Taoiseach Enda Kenny, in New York this week, is poised to nominate 11 members of Seanad Eireann. It has been suggested that one of them be a representative from the diaspora. Kenny himself was proposing three Senate members representing the diaspora just a few years back so it will be interesting to see what happens.
Just one seems like a bit of a back hand to the global Irish economy. None at all would be seen by some as a kick in the transom.
If there is a nomination, and the nominee comes from the U.S. which, after all, is home to the largest number of diaspora members, the question is who would that person be?
There are certainly a few possible contenders, one of them being the Irish Lobby for Immigration Reform's Ciaran Staunton.
Barack Obama might come across as being cool, but the president is clearly wound up pretty tight.
But with Osama Bin Laden out of the way the door has been opened to a far more relaxing visit to Ireland than might have been the case if, say, the Pakistan operation was still pending as Obama touched down in Dublin.
And this has to be seen as an opportunity by those who want to win the president's mind over to ideas such as maintaining the Republic's rock bottom corporate tax rate, and perhaps even whispering in his ear that enhanced legal access for the Irish to America might not be a bad idea in the short run, and the long run too.
It is difficult to imagine that the issue of greater legal access to the U.S. for the Irish will not be raised during the Obama visit if for no other reason that emigration - in this case the departure from Ireland of Obama ancestor Falmouth Kearney - is the primary reason for the visit in the first place.

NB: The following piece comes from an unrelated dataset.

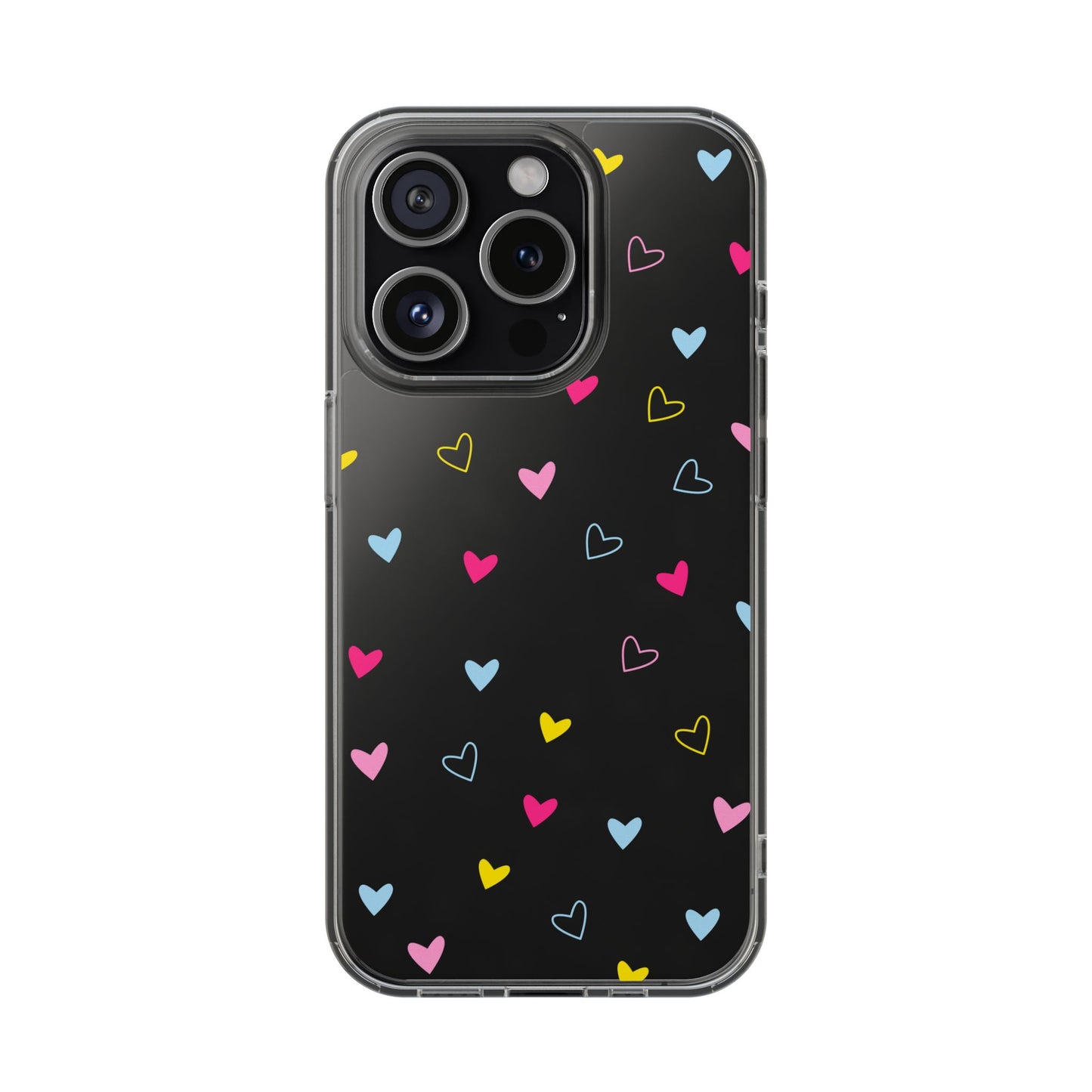 Transparent Heart Design Pattern Clear Phone Case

Former Philadelphia and Miami top cop John Timoney is not going to Chicago though the Sun Times was tipping him for the job not too long ago. But a former member of the NYPD, where Timoney rose to the second highest rank in the department, will be the new Superintendent under incoming mayor Rahm Emanuel.
McCarthy is a former NYPD deputy commissioner who was at the heart of NYPD operations on 9/11 and in the days that followed. After Newark, even Chicago might seem like a break but McCarthy will have his work cut out. For one thing, he's an outsider in a town that tends to like its top cops home grown.